Reliance Industries Ltd., Mumbai, has sought arbitration in its dispute with the Indian government over oil and gas fields in the deepwater KG-D6 block offshore eastern India after the government imposed a fine of $1.005 billion (OGJ Online, Aug. 13, 2012).
The Ministry of Petroleum and Natural Gas for months has pressured RIL to increase drilling in response to shortfalls in gas production against projections in development approvals. RIL blames poor reservoir performance.
In a statement, the government said average production from the block in the current fiscal year has been 29.81 MMscfd of gas, compared with 86.73 MMscfd targeted in development plans approved for D1, D3, and MA fields.
It said six of 18 producer wells in D1 and D3 have ceased production because of water loading and sand ingress.

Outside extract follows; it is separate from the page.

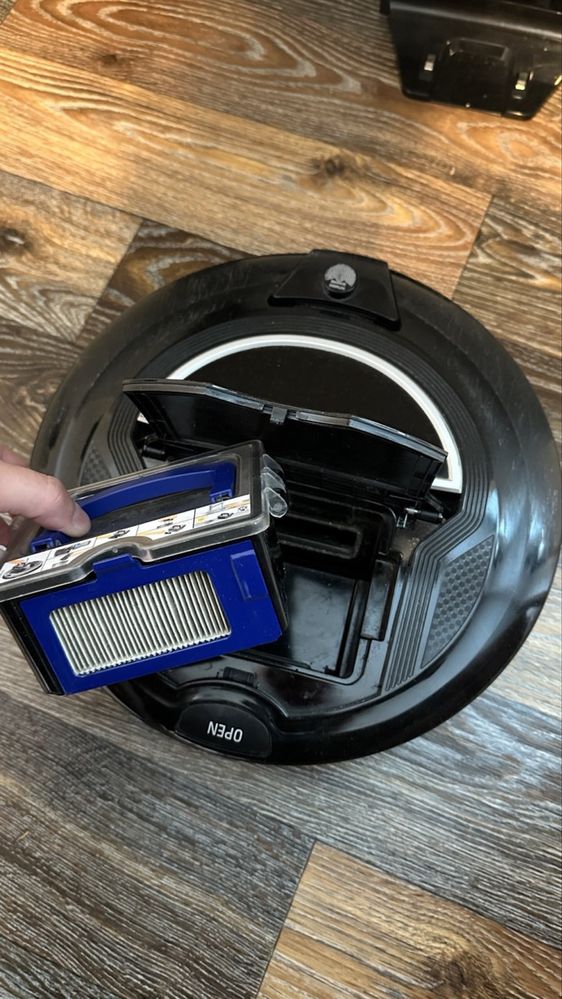 Робот-пилосос rowenta rr7145wh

In MA field, it said, two oil and gas wells out of six have ceased flowing because of water ingress.
The government blames “nondrilling of the required number of gas producer wells in D1 and D3 fields” set by an addition to an initial development plan.
It said RIL has responded that performance of existing wells in the main channel area and reservoir characteristics of overbank areas indicate that additional wells in D1 and D3 fields might not improve production or recovery rates.
RIL has told the government that reservoir behavior and characteristics vary from predictions and that pressure declines are several times those originally expected.
The company said early watering of some wells was unexpected, although overall water production has been low. And it has told the government geologic complexity hampers its ability to set further drilling locations.
M. Veerappa Moily, who became minister of petroleum and natural gas in October, has rejected RIL’s arguments. He imposed the fine in the form of disallowance of the cost of production facilities.